September is suicide prevention month. This is a reminder of a serious issue that impacts all of us. In an effort to prepare staff members to have the tools to help students, the Jason Flatt Act mandates that all school employees receive an hour of suicide prevention training every year.
The Jason Foundation reports the following statistics:
• (2019) Suicide is the leading cause of death for ages 5-14.
• Suicide is the second leading cause of death for ages 10-24.
• In 2020, the state of Kansas ranked 13th in the nation for suicide incidence. The Kansas rate of suicide is 35 percent higher than the national rate.
• Rural areas see higher suicide rates than urban areas.
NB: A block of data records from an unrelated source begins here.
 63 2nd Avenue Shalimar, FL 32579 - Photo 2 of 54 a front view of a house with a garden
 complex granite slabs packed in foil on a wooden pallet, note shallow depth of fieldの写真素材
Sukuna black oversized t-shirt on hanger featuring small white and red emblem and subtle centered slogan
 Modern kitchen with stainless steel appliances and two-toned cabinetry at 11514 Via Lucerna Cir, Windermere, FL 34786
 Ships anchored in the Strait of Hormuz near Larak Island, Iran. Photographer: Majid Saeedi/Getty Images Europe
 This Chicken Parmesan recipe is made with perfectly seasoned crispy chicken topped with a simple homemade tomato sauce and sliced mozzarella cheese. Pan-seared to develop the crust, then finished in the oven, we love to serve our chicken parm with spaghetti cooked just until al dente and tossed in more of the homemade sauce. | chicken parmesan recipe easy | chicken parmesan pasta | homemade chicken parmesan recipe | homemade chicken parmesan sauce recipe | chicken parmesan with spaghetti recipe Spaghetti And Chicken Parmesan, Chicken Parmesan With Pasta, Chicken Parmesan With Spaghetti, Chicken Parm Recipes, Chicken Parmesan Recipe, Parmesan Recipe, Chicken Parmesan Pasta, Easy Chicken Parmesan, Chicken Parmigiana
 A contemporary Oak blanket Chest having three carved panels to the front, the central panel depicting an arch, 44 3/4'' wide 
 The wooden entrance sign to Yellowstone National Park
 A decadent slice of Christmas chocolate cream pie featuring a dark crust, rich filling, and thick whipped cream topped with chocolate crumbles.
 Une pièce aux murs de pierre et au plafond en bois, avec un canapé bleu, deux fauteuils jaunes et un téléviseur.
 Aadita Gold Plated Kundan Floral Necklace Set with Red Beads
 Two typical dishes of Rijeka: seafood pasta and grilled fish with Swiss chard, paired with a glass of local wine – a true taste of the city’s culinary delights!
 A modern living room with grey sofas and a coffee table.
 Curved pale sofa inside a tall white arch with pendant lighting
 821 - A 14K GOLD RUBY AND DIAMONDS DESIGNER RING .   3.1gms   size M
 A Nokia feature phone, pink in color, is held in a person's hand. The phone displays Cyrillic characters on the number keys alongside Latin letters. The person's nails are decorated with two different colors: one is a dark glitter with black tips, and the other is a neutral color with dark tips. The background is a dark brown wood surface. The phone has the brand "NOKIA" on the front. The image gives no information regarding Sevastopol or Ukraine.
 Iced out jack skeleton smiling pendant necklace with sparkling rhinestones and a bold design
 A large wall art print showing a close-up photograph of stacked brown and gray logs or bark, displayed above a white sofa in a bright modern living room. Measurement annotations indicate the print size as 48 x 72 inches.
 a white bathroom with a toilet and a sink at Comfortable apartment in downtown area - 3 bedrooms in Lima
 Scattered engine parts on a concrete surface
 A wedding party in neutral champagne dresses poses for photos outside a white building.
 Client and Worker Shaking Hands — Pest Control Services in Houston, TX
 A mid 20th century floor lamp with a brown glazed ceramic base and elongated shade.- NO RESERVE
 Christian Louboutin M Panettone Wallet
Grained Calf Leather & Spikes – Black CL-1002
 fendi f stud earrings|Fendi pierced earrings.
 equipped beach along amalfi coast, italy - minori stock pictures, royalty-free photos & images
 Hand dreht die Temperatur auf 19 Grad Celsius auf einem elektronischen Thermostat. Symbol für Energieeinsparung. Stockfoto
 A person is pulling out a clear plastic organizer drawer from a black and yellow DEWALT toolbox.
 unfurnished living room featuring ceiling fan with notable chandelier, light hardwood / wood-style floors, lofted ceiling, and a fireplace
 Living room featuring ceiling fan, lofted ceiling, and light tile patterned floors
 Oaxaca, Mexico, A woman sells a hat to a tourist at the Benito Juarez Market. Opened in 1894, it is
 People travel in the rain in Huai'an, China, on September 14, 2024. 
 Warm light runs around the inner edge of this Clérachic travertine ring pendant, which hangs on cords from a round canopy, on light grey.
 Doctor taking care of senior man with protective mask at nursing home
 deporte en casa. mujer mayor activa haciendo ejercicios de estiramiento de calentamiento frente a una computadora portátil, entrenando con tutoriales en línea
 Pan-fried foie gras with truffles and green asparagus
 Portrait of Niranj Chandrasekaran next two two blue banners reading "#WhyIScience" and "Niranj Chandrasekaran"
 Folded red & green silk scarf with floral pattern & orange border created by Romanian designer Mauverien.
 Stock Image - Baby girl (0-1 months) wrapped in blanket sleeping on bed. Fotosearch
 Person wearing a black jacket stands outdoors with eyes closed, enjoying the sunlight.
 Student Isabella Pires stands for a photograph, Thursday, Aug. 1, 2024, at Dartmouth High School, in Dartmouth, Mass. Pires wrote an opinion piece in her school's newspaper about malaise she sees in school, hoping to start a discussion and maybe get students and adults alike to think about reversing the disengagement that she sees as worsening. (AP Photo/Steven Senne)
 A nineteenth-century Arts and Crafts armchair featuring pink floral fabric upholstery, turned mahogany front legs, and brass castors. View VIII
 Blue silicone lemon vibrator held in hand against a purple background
What can we do? First, let’s openly recognize that this is a serious issue. It is a difficult subject that is challenging to talk about, but it is important to identify that it is a definitive societal problem. A myth is that by discussing suicide, we will encourage suicide attempts. The opposite is true.
Be aware of risk factors that increase the likelihood of an event. Some that have been identified include individuals that have experienced a recent loss, mental disorders, prior suicide attempts, substance abuse (including alcohol), engaging in high risk behaviors, lack of social support, and victimization from bullying.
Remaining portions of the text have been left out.